Group B Streptococcus Infection
An infection of concern to midwives, obstetricians and paediatricians is called Group B Streptococcus or’ Group B Strep’. Group B Strep is a bacterium found in your vagina and gut which is present in up to a third of the population and it is transient, meaning it may not always be present throughout your pregnancy. We all have colonies of different bacteria in our digestive tracts, throats, skin, etcetera, and most of the time they do not make us ill.
Confusion exists around Group B Strep with many couples anxious about the safest course of action. Currently in the U.K. women are not routinely screened for this infection because it is transient although women will be offered a test for the infection if they present with a vaginal discharge or threatened premature labour. The swabs take 48 hours to grow the bacteria and if the Group B Strep is identified then antibiotics are offered in labour to protection the baby. Use of antibiotics is not risk free, and the greatest risk is that you become sensitive or allergic to them and they can also cause nausea and diarrhoea.
Around 50 percent of babies born to mothers carrying Group B Strep will pick up the bacteria and be colonised by it. About one to two percent of that group will go on to develop severe Group B Strep infection, either as early onset (before two days old) or late onset (after two days old). Even with medical care ten percent of those babies that develop a severe infection will die. This severe infection or ‘sepsis’ is most likely to occur in babies who are premature and where there has been prolonged rupture of membranes, usually longer than 24 hours.
With sepsis being a real danger to new born babies you may wonder why every woman is not given antibiotics, regardless of whether the swab is positive or negative. In the USA screening for and treatment of Group B Strep is routine and they greatly reduced their Group B Strep infection rate in newborns. However, the number of babies dying of infections remained constant because other infectious bacteria took hold. Antibiotics merely removed one bacterium leaving a vacuum for another.

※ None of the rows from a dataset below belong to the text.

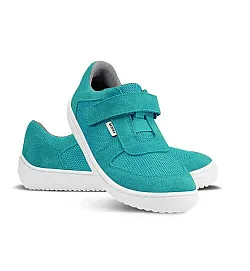 Детски боси обувки Be Lenka Joy - тюркоаз 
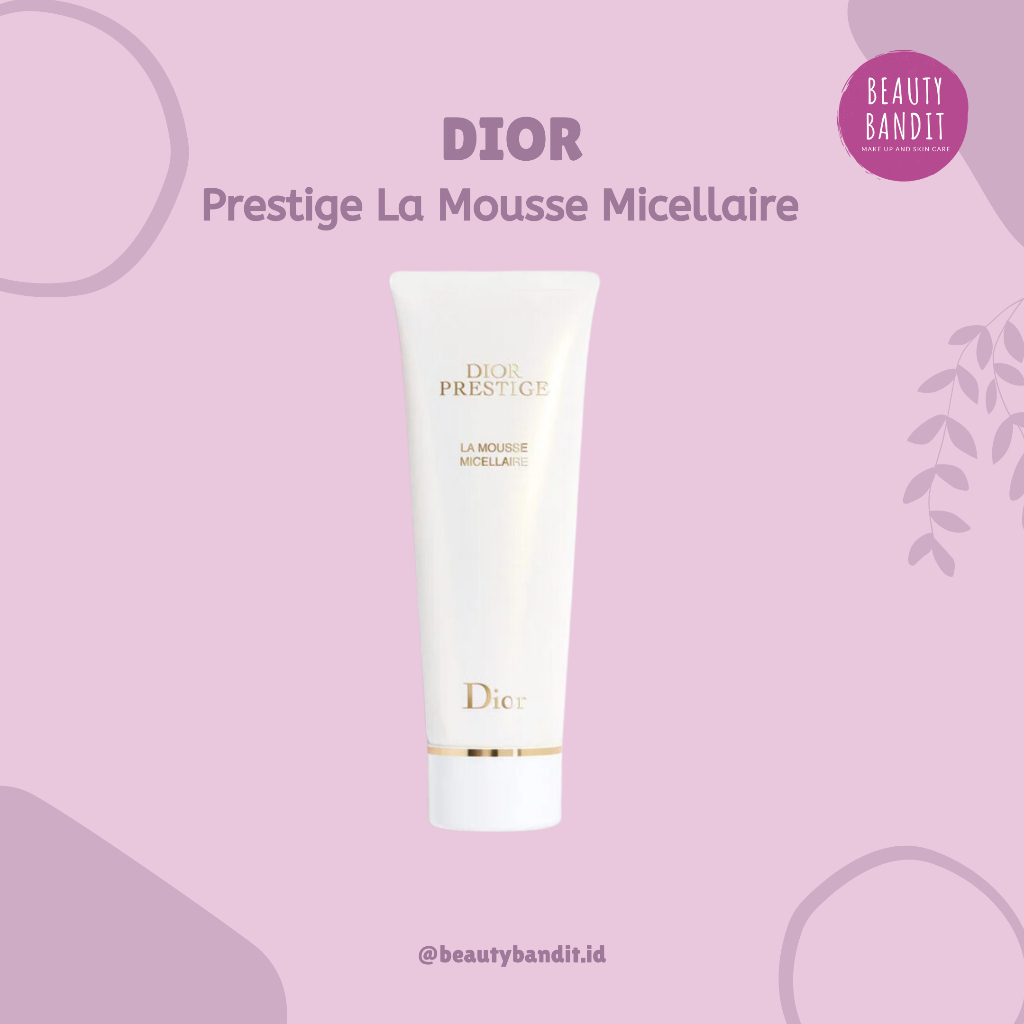 DIOR Prestige La Mousse Micellaire 10g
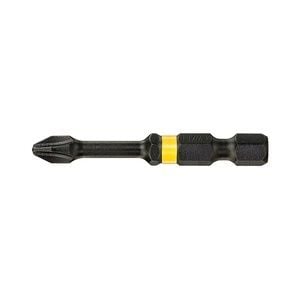 DeWALT DT7998T-QZ, 5 kpl, Phillips, PH 2, 50 mm, Kahdeksankulmainen, Laatikko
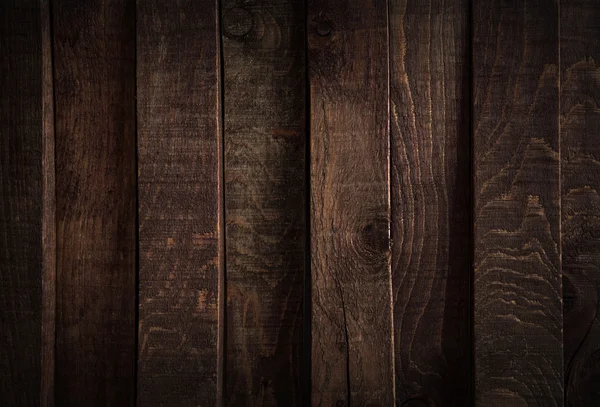 Tmavé dřevo textury. Pozadí tmavé dřevěné panely. — Stock fotografie
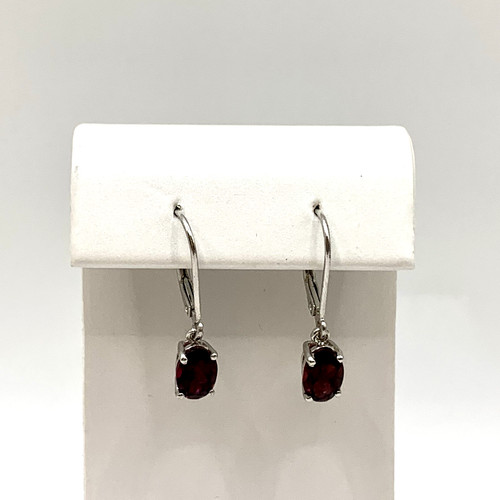 Garnet 925 sterling - garnet,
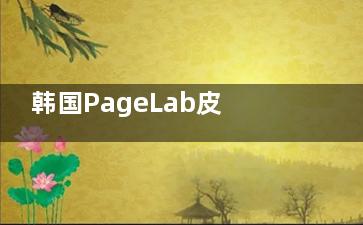 韩国PageLab皮肤科体验分享：从初识到体验反馈一文揭秘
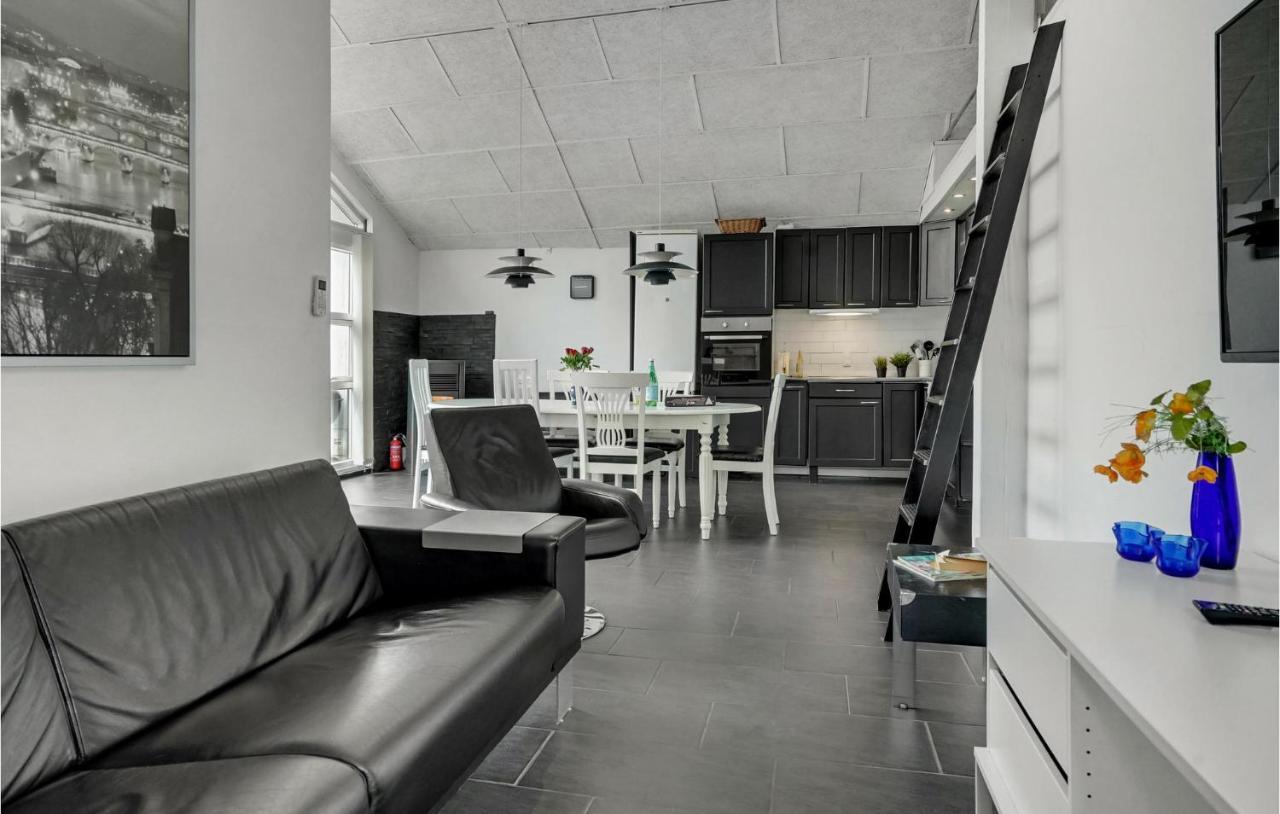 Holiday home Beautiful In With Kitchen Borkop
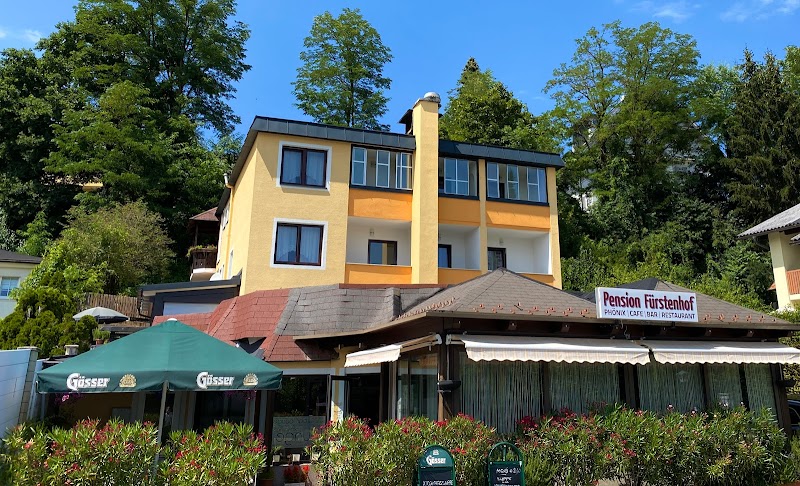 Pension Fürstenhof in Villach, Austria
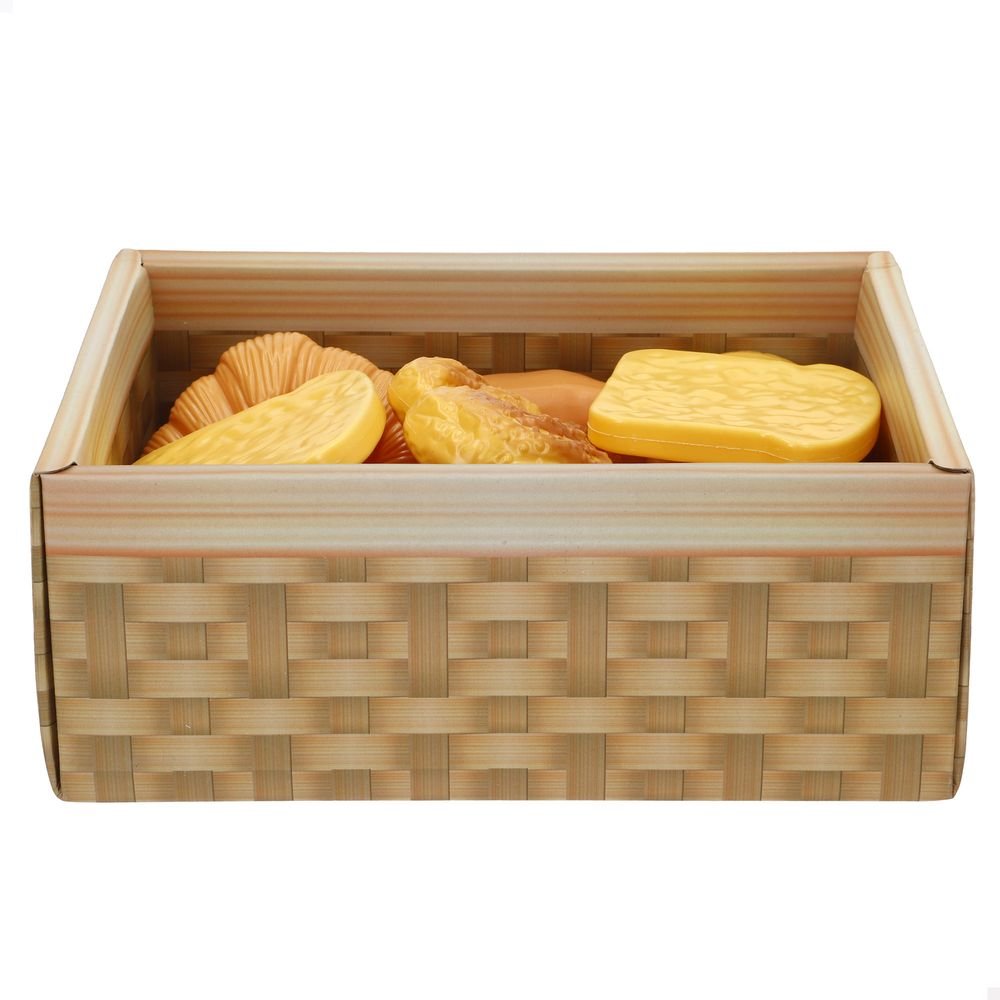 Set Comida Panadería 10 piezas My Home COLORBABY Imagen principal del producto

Current NICE guidance is to limit antibiotic use and hospitals have differing guidelines on the management of Group B Strep however routine screening of all women for Group B Strep is not recommended, only those that are in a risk group.

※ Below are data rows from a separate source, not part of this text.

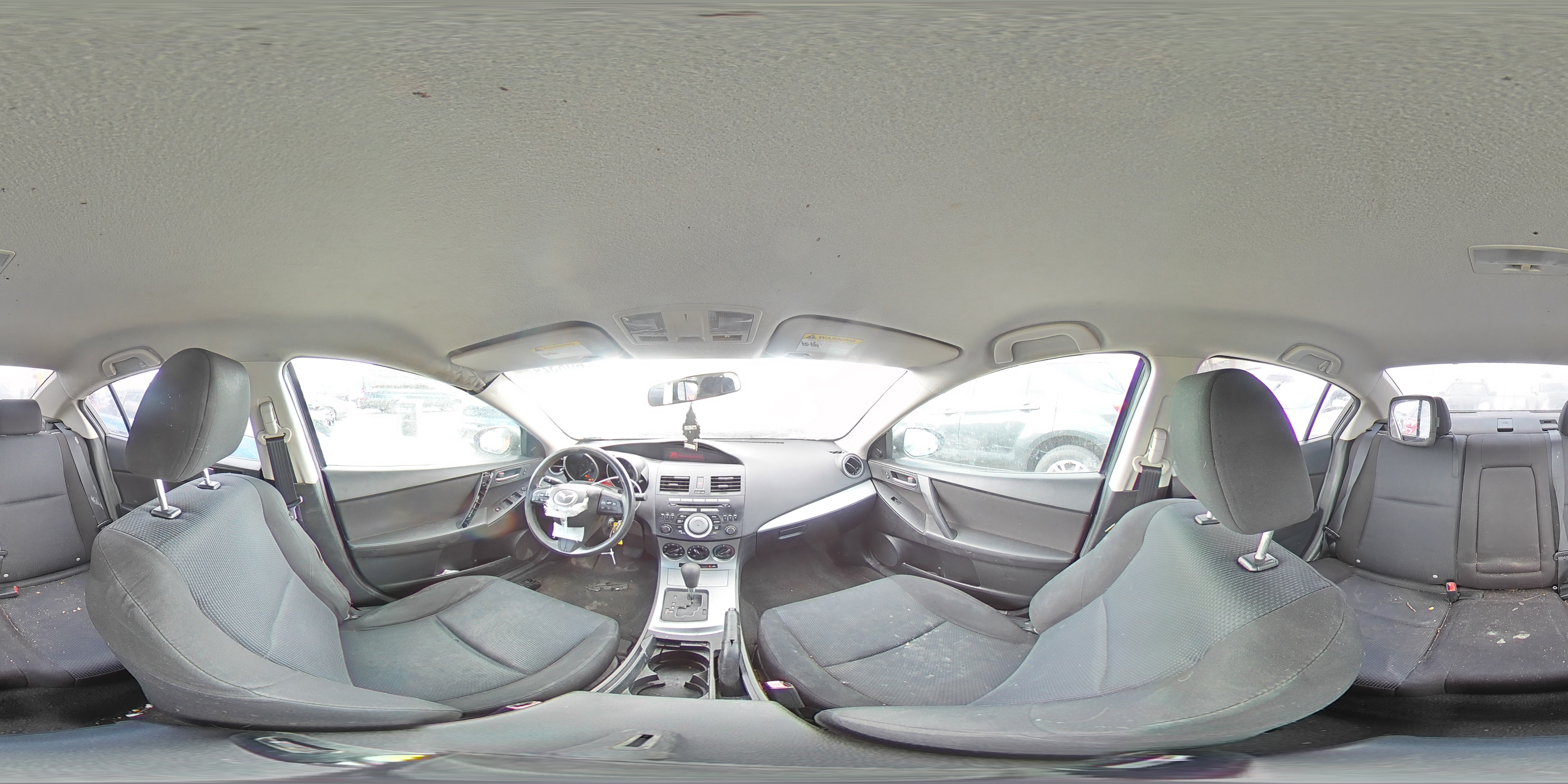 2011 Mazda 3 I VIN: JM1BL1VFXB1385759 Lot: 60832424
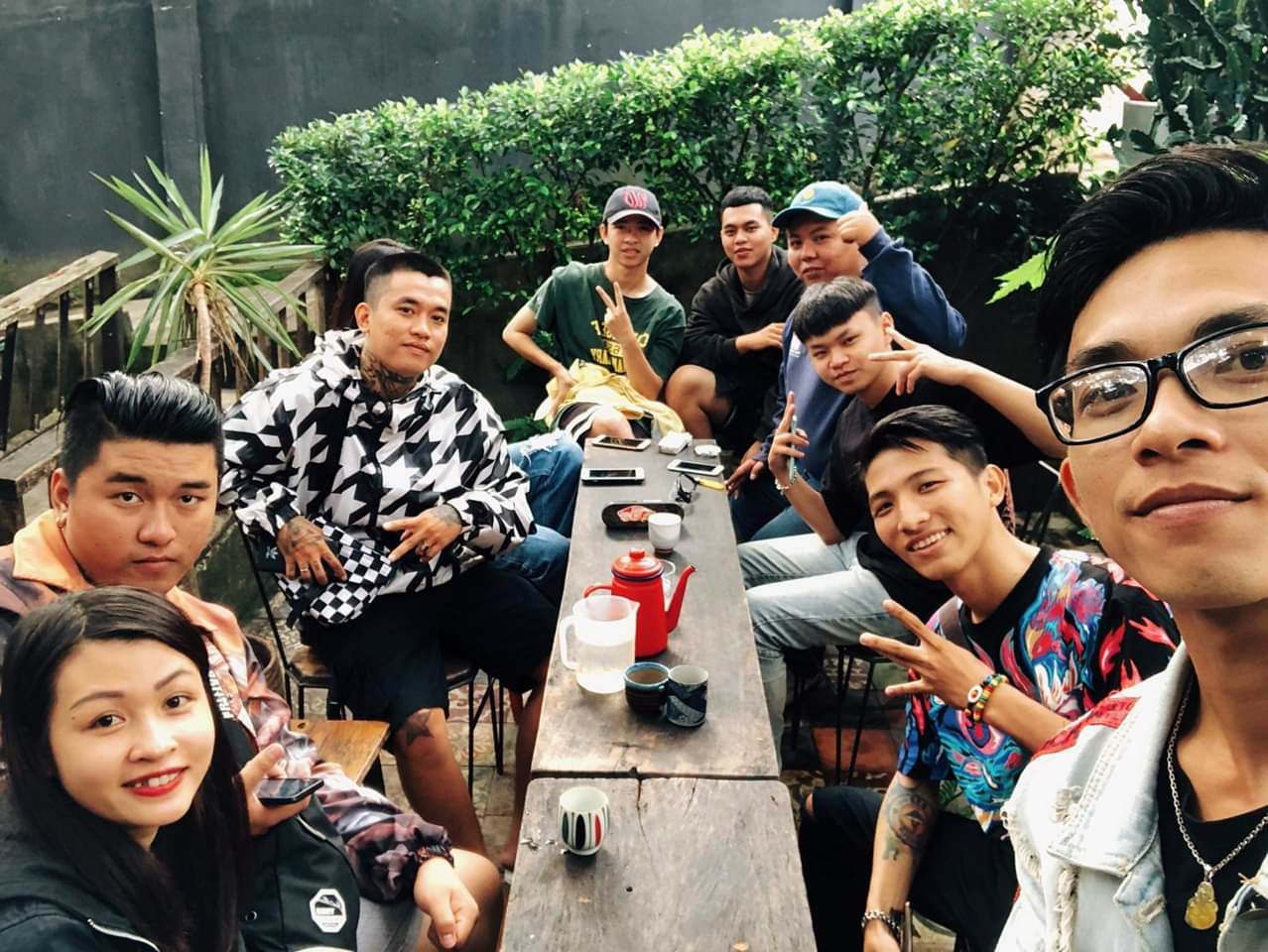 Troll Rap Việt - G5R cùng V Soul (DCOD) Nguồn : Nguyễn...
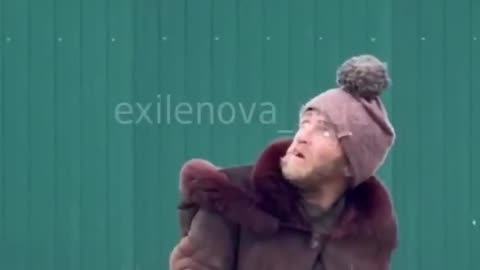 🇷🇺💥 Ukraine Russia War | Russian Man Upset by Ukrainian Drones | RCF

NICE recommend intravenous antibiotic cover continuously throughout labour if you have had a positive Group B Strep swab result in this pregnancy or have previously had a baby infected with Group B Strep. If you wish to be tested for Group B Strep and do not fall into a risk group you can get it done privately through your family doctor. Or there is a postal service which can be found on the Group B Strep Support website. The test should ideally be carried out between 35-37 weeks of pregnancy.

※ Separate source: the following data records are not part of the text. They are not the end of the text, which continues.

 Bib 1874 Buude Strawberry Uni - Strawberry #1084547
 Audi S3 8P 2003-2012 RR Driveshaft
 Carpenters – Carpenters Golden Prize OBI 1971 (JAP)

If you do test positive for Group B Strep the antibiotic of choice is benzylpenicillin and there is an alternative for those allergic to penicillin. Both are given through a needle in your hand every four hours during labour and providing you’ve had at least two doses of the antibiotic during your labour paediatricians will usually monitor your baby for signs of infection over a few days. If you gave birth before getting two doses paediatricians may advise that baby has intravenous antibiotics. The antibiotics are very effective at combatting Group B Strep and the risk of your baby developing this infection drops from one in three hundred to less than one in six thousand.